The Kingdom of Heaven is a kingdom where those of the greatest power are those who are weak, and those of the highest standing are the most humble. There is justice, but it isn’t about the satisfaction of retribution, but rather the restoration of what ought to be, and the reconciliation of relationship. Forgiveness, rather than condemnation, is the Kingdom’s response to offence; freedom is not earned, but rather given. Such is the grace of God that our King calls us to forgive as He forgives: over, and over, and over again. Suffice it to say that we are called to always forgive, as often as God has forgiven us. What a strange Kingdom that even the lowliest subject is called to live in the manner of their King!
Jesus gives us a vivid image of not only the mercy of God, but the importance of being merciful ourselves, lest we close ourselves to God’s mercy. The king in the story—an image of our own King—forgives a tremendous debt owed him. But when he sees that same man refusing to show similar mercy on a fellow subject whose debt is much less, the forgiveness is withdrawn and the hard-hearted man is thrown not into a debtor’s prison, but to the torturers. As yesterday, the petition in the Lord’s Prayer echoes in our hearts: “Forgive us our trespasses, as we forgive those who trespass against us.” How can we receive the forgiveness of God if our hearts are imprisoned in the chains of unforgiveness? “Blessed are the merciful, for they will be shown mercy.” (Matthew 5:7)
This imperative to forgive is perhaps one of the most difficult aspects of our Christian life, but it is so necessary: the whole of the Christian faith, after all, hinges upon our need for God’s mercy and forgiveness and the fact that He has given and continues to give that mercy and forgiveness. Forgive. Forgive. Even if at first it seems insincere, even if it hurts. Forgive, and beg Jesus for the help and grace you need to truly forgive in your heart. You needn’t tell the other person, you needn’t make a grand gesture. Forgive, and let Jesus help you to move that mountain of hurt, even if only one pebble at a time.

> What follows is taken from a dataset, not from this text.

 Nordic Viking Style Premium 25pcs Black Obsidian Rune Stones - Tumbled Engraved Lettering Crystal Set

Today Jesus reminds us of the important role the Church plays in ushering in the Kingdom of Heaven, particularly her role in reconciliation. Jesus encourages us to try and work things out between ourselves: when someone wrongs us we ought, in a charitable manner, to bring that wrong to the person’s attention in the hope that the other person will admit their fault, and reconciliation—founded upon forgiveness—may occur. If this doesn’t work, ask one or two others to come in and offer their perspective on the situation; as a last resort, go to the Church for help.
This might strike us as somewhat idealistic: can you imagine such a process? But Jesus is telling us that as subjects of the Kingdom we are invited to do things differently: instead of holding grudges, and instead of pretending everything is fine, we are invited to forgive, and to ask for help from our fellow Kingdom citizens. What we learn today is that our struggles are not just “our” struggles, nor our sins just “our” sins. We belong now to a Kingdom, a Body, and that changes our relationships and the way we approach problems therein. If we find ourselves in such a situation where we have been wronged by a brother or sister in the Church, have we ever tried to find resolution to the matter through our common faith, or by seeking the Church’s help in some way?

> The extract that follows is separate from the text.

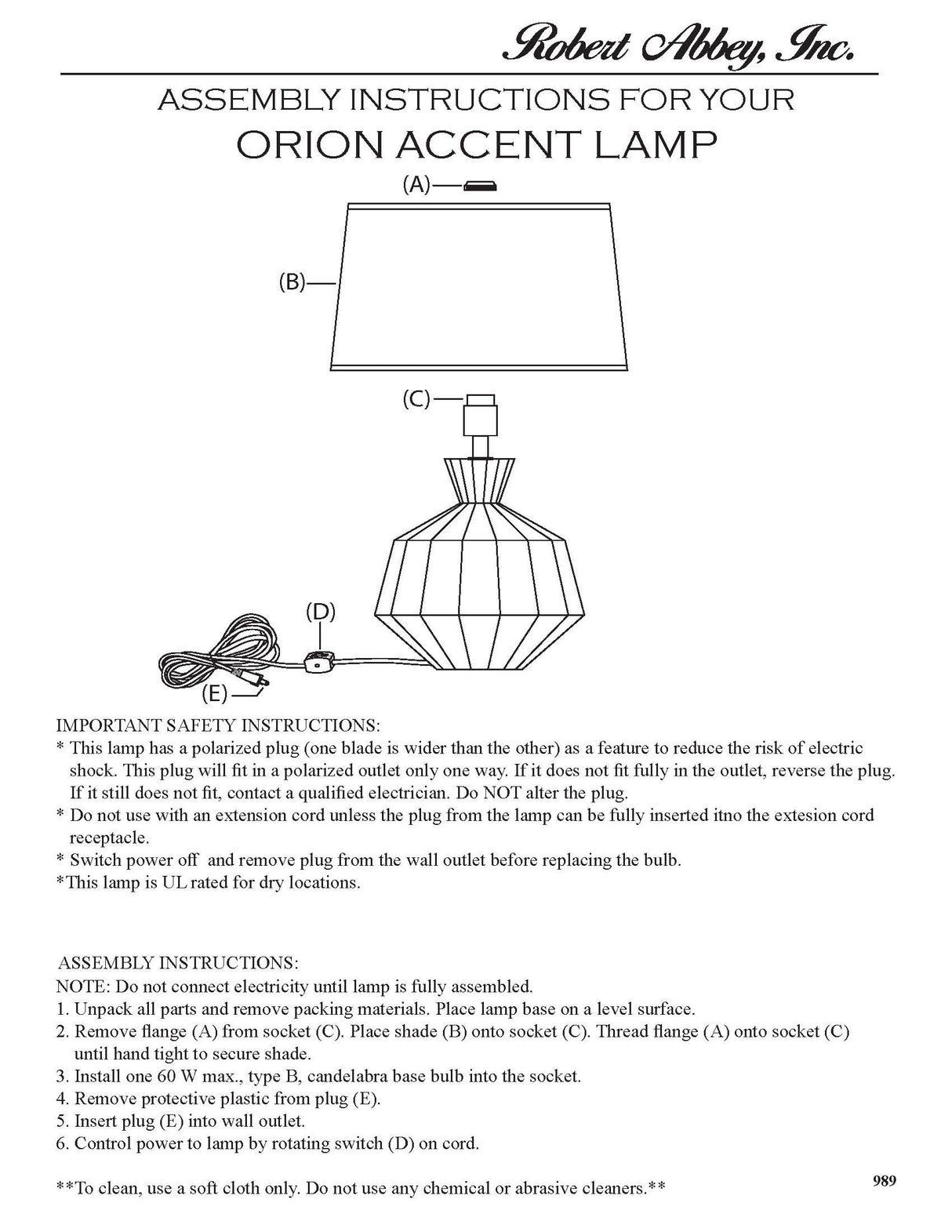 Robert Abbey (MMB18) 8.75" x 17.63" ORION ACCENT LAMP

For Jesus teaches us, time and again, the necessity of forgiveness; in a way, He reminds us of this when He says “whatever you bind on earth with be bound in heaven, and whatever you loose on earth will be loosed in heaven.” Refusing to forgive another person binds your heart, as you choose to hold their wrong against them, and the love Christ desires us to show is tied up—is bound—by the chain of our grudge. Recall that forgiveness does not mean excusing the person’s wrong. Rather it is choosing not to allow the wrong to define your relationship, nor color the image you bear of the person in your heart. It is often a difficult, painful process, depending on the wrong done, but if we allow our hearts to be bound on earth by the chains of unforgiveness, will we have the freedom of soul needed to enter the Kingdom of Heaven, or will those chains bind us to the earth? Yet if we can find the courage to invite Jesus into the midst of such difficulties, He promises to be there in our midst. Pray for the ability to forgive; don’t become a slave to unforgiveness, but rather ask Jesus to help you “forgive those who trespass against” you, forgiving them as He has many times forgiven you.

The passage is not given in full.